Bien affectueusement, Louise.

Chère Louise,

Félicitations pour votre petit Simon ! Quelle hâte ais-je de le rencontrer quand Léon se sera lassé de ses allers – retours entre Montrouge et Paris ! Pour être franc, je peux vous dire que Sophie fait une très mauvaise épouse, d'abord sa cuisine est horrible, elle n'assume pas souvent le devoir conjugal, prétextant je ne sais quoi pour l'éviter, et passe ses journées dehors, si bien que j'ai pris la décision de ne plus lui donner de sous pour ses dépenses personnelles, désormais je lui achète moi-même ce qu'elle veut car je ne suis pas riche comme Crésus !

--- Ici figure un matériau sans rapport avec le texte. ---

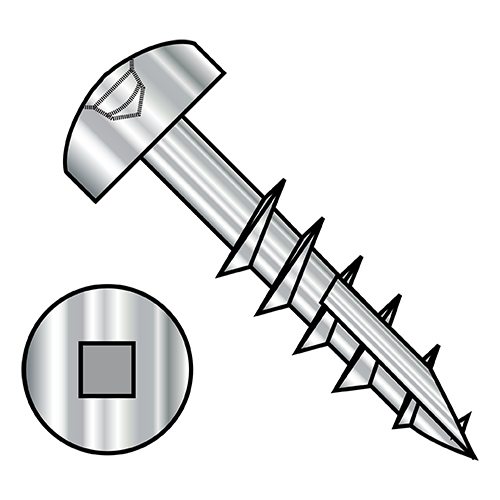 Pan - Square Recess - Deep Thread Wood Screws - #17 Point - Partially Threaded - 18-8 Stainless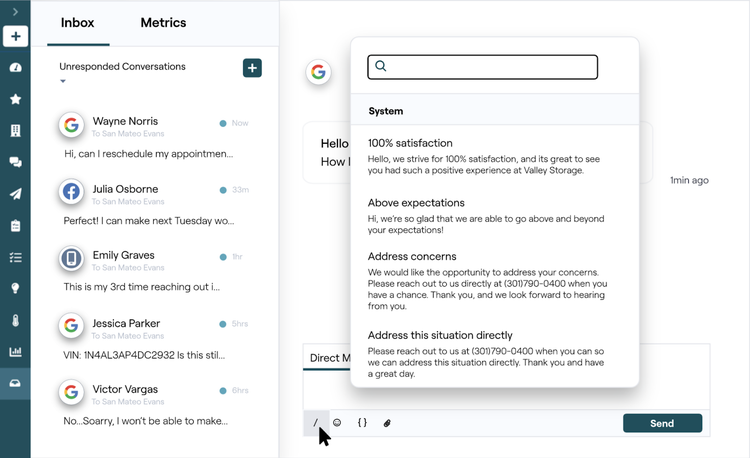 "Inbox" section in Reputation tool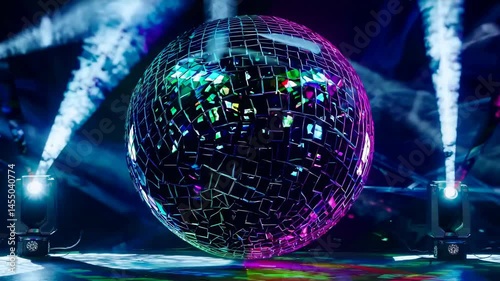Glittering disco ball rotates with colorful lights, seamless loop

Concernant l'argent, j'ai trouvé peu après le mariage un travail de cordonnier chez un artisan, un des frères de Sophie, qui a accepté de me donner une formation accélérée et de m'embaucher voyant ma motivation. Sinon tout va bien à Paris, je pense que vous avez la même météo à Montrouge mais je peux vous dire qu'il fait froid ici. Je vous aime.

Mathurin.

Au début du mois de mars, j'eus d'abord un horrible mal de ventre qui me fis me tordre de douleur et je perdais d'importantes quantités de sang, et alors que j'allais au pot de chambre un peu plus tard, une minuscule masse de la taille d'un grain de pomme et complètement informe tomba au fond du pot dans un tout petit bruit. Je crois que je venais de faire une fausse couche, alors que je ne savais même pas que j'attendais un enfant. Je ne disais rien à Léon puisqu'il ne savait pas que j'étais enceinte, mais cela m'horrifia autant que ses mains velues et rêches sur ma peau lorsqu'il venait dans mon lit. C'était un homme d'une bonne trentaine d'année, je crois avoir entendu une fois qu'il avait trente – quatre ans, aux cheveux courts et noirs, sans barbe mais avec une moustache, il avait sur les bras la peau rouge et abîmée tel un vieil homme, je crois qu'il était atteint d’eczéma, Camille avait fait quelques crises étant enfant.

Chaque dimanche, j'avais la boule au ventre a l'idée d'aller au lavoir, je ne voulais pas qu'elles se moquent de moi, j'avais l'air d'une enfant mais un jour alors qu'elles parlaient de moi comme une mauvaise fille, rousse qui puait et coureuse d'hommes, je leur lançais la voix chevrotante et au bord des larmes :

—''Vous êtes méchantes. C'est blessant ce que vous dites sur moi.

Je voulais rentrer dans mon Paris adoré. Mon Dieu pourquoi étaient – elles si cruelles avec moi ?

Les mois passèrent et je repensais, le six avril aux quatorze ans de Thérèse, qui était désormais presque une jeune femme, et ma cousine France, seule.

Le beau temps revenait, et un jour que je me rendais au puits chercher de l'eau pour le ménage, la cuisine et le bain de Simon, je trouvais ce bébé immobile emmailloté lové dans son couffin dans le renfoncement du bord du puits. Il n'y avait aucune indication ou mot dans ses langes, mais de toute façon l'enfant était mort depuis déjà quelques temps, sans doute de faim. Ma réflexion fut je le pense pertinente : si la mère avait voulu que l'on sauve son bébé, jamais elle ne l'aurait placé dans le renfoncement du puits, ou alors était - elle sotte ? Dans un élan de tristesse, je creusais de mes mains un petit trou pour y ensevelir son corps et qu'il ne soit pas dévoré par les chiens et les rats. Bouleversée, cette journée commençait bien mal.

Mon petit Simon avait quatre dents depuis le quatre avril, il s'éveillait, babillait, il était beau mon fils avec ses yeux bleus qui je l'espérait ne changeraient pas de teinte.